The region above the curve
y = sin^-1(x), (0 greater than or equal to y greater than or equal to pi/4), is rotated about the y-axis through a complete revolution to form a solid. Evaluate the volume.
Thanks!
To find the volume of the solid obtained by rotating the region above the curve y = sin^(-1)(x) about the y-axis, we will use the method of cylindrical shells.
First, let's visualize the region in question. The curve y = sin^(-1)(x) is an inverted sine function over the interval 0 ≤ x ≤ 1, and the range of y is π/4 ≤ y ≤ π/2.

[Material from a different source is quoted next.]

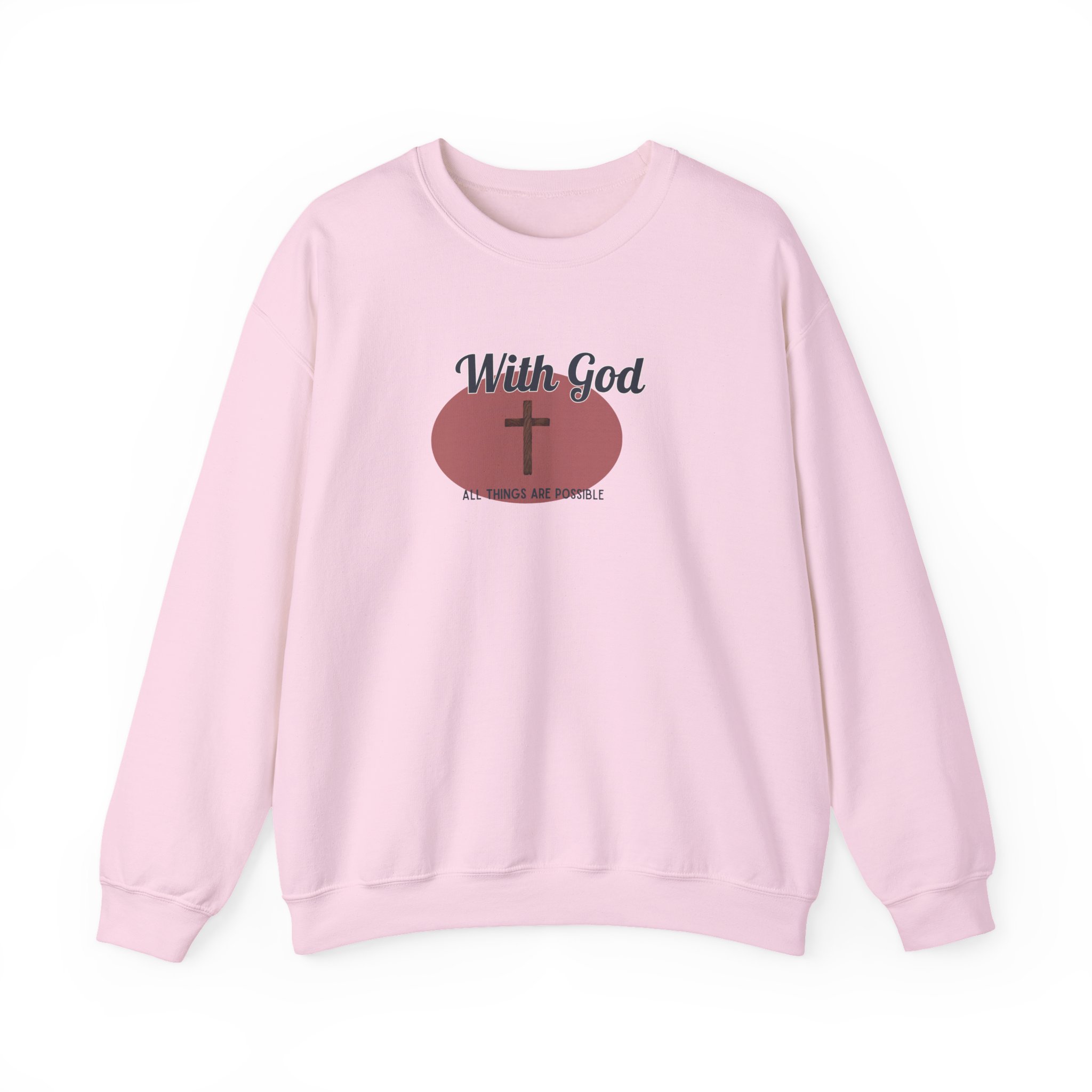 With God All Things Are Possible – "Earthy Heritage" Classic Heavy Blend Crewneck Sweatshirt - Imagen 7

Next, we need to find an expression for the height of each cylindrical shell. Since we are rotating the region about the y-axis, the height of each shell will be the difference between the upper and lower y-values of the region.
The lower y-value is π/4 and the upper y-value is π/2, so the height of each shell will be (π/2) - (π/4) = π/4.

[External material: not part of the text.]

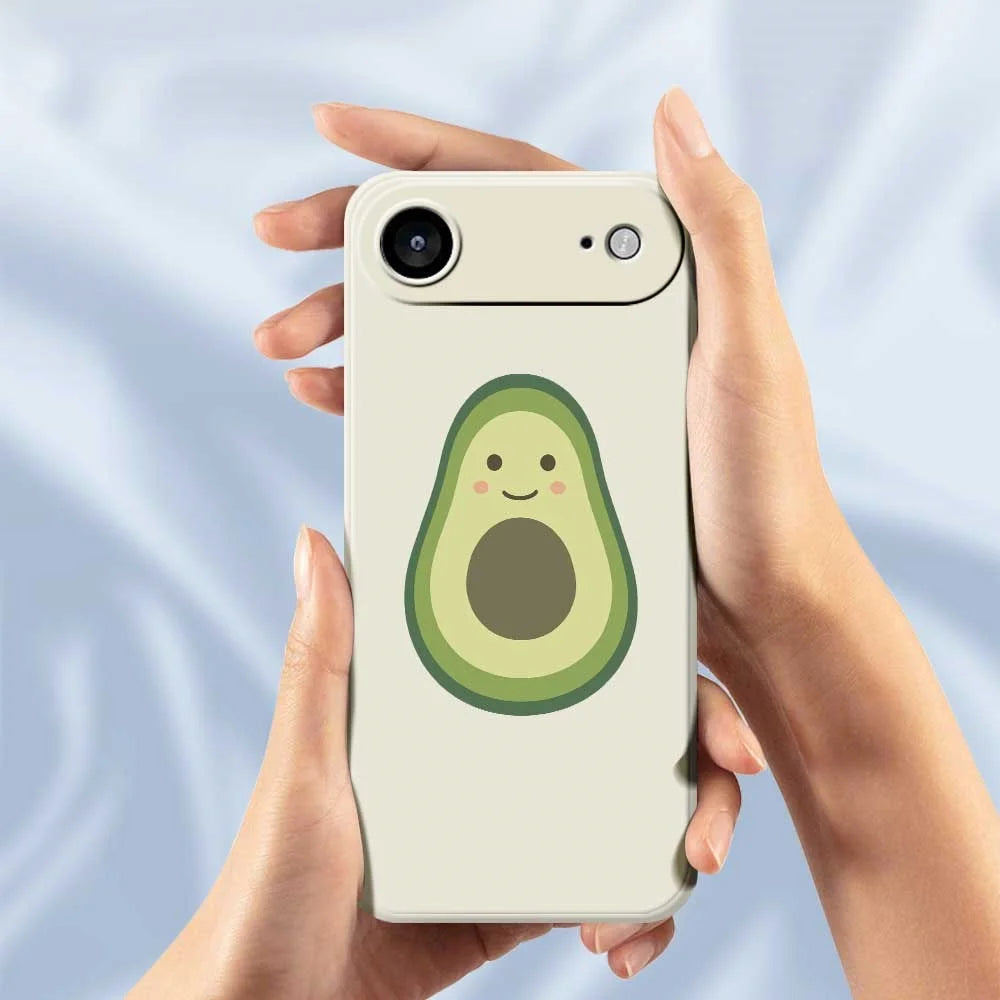 For iPhone Air Case Cute Avocado Pattern Printing Straight Edge TPU Phone Back Cover - Beige - 6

Now, let's find an expression for the radius of each cylindrical shell. The radius is the distance from the y-axis to the curve at each y-value. In this case, the curve is y = sin^(-1)(x), so we need to solve for x.
y = sin^(-1)(x)
x = sin(y)
Since we are rotating about the y-axis, the radius will be the value of x at each y-value. So, the radius of each shell is x = sin(y).
Finally, we can integrate to find the volume of the solid:
V = ∫(2πrh) dy
V = ∫(2π(sin(y))(π/4)) dy
= π^2/2 * ∫sin(y) dy
= -π^2/2 * cos(y) + C
To evaluate this integral, we need to find the bounds of integration. Since the region above the curve y = sin^(-1)(x) is bounded by π/4 ≤ y ≤ π/2, the bounds of integration are π/4 and π/2:
V = -π^2/2 * (cos(π/2) - cos(π/4))
= -π^2/2 * (0 - √2/2)
= π^2/4 * √2
Therefore, the volume of the solid obtained by rotating the region above the curve y = sin^(-1)(x) about the y-axis is (π^2/4) * √2.